Dior takes inspiration from 1950s Teddy Girls for a look that says cheeky rebellion
Dior’s Tribute to Teddy Girls
Each new collection is an alchemy born of the confrontation between images, bodies, silhouettes and language. For Maria Grazia Chiuri, this creative mechanism is no longer about breaking with the past; rather, it’s a gateway to rediscovering and celebrating the richness of House codes.
For this ready-to-wear collection, the Artistic Creative Director turned her attention to Teddy Girls, the female counterpoint to Teddy Boys – one of the first British subcultures – as a way of revisiting the 1950s, a post-war period marked by Christian Dior’s New Look that Maria Grazia Chiuri has seldom explored before.
The queens of a ravaged landscape, Teddy Girls were impertinent characters with wild quiffs who wore Edwardian-style men’s jackets with velvet scarves, ample skirts, jeans and black leather jackets.
These references offer a new perspective on the 1950s, which Maria Grazia Chiuri chose to associate with the character of Princess Margaret. Ever the rebel, the young princess in 1951 elected to wear a dress by Dior – rather than one by a British dressmaker – for her official 21st birthday portrait photographed by Cecil Beaton.
Fascinated by the mix of classicism and subversion, elegance and rebellion inherent in English culture, Christian Dior drew from it many sources of inspiration, as illustrated by the exhibition Christian Dior: Designer of Dreams, now at the Victoria & Albert Museum in London.
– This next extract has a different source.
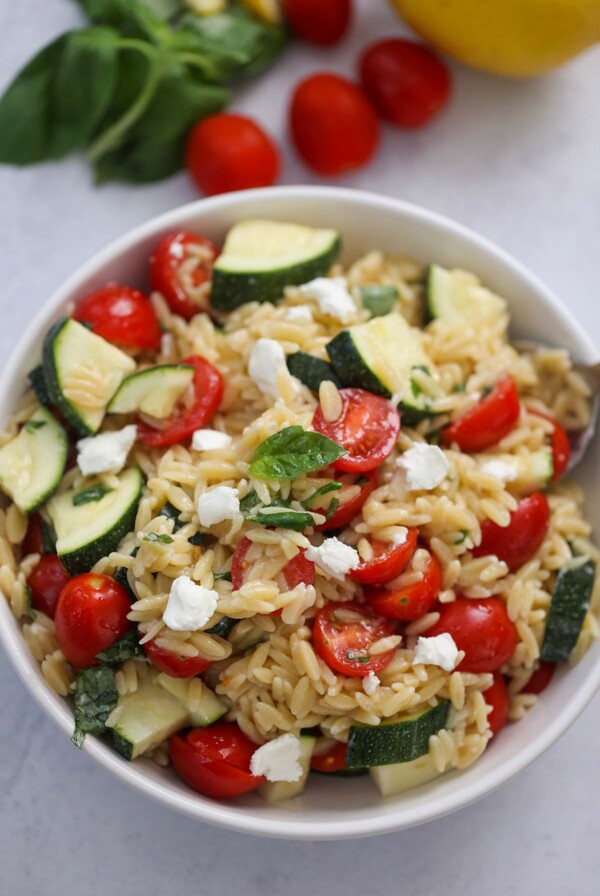 lemon orzo pasta salad in a white bowl.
One by one, Maria Grazia Chiuri reclaims Dior codes, drawing in turn from its lexicon to create and reinvent the designs of tomorrow.
Thus, the Bar suit is revisited along a more masculine line, through cut, fabric and a velvet collar.
It converses with gathered skirts made suppler through the use of technical fabrics that are also worked into dresses inspired by Christian Dior’s nipped-waist silhouettes. A conceptual and stylistic reinterpretation of the Fifties infused with the spirit of “sportswear”, mixed with the House’s signature elegance.
The first in a series of historically referenced themes, the black leather jacket by Yves Saint Laurent for Dior – an homage to the underground culture of the 1950s and 1960s, and particularly to the French “blousons noirs” – is here revisited by Maria Grazia Chiuri.
Through the modernity of its materials and techniques, the iconic silhouette of the Miss Dior dress – which Christian Dior designed for the Spring-Summer 1949 haute couture collection – expresses the mix of strength and grace the Artistic Director favors. This inspiration also informs evening dresses composed of bodysuits and skirts that may be embroidered with transparent paillettes or embellished with flowers in relief.
Low-heeled shoes are tapered and cut low in front. A new palm tree version of Toile de Jouy recalls the work of the artist Mario Schifano, and appears on a series of shirts or combines with checks and gingham, in black and red or black and white.
“Subcultures” confirm – through the style sense they appropriate – that the simple fact of choosing one’s clothes becomes a political semaphore. Silkscreened t-shirts pay homage to the literary works of Robin Morgan, the American feminist poet, with elements from Sisterhood is Powerful (1970), Sisterhood is Global (1984) and Sisterhood is Forever (2003), which celebrate the concept of sorority.
The show’s scenography relies on ABCs – with each letter representing a different woman – created by the Italian artist Tomaso Binga, a woman who chose a masculine pseudonym as a way of parodying the privileges reserved to men alone.
In so doing, the pieces in the collection reconnect with an idea of femininity that transcends gender and anatomy, and further the exploration of identity that Maria Grazia Chiuri champions in her reinterpretation of Dior’s history.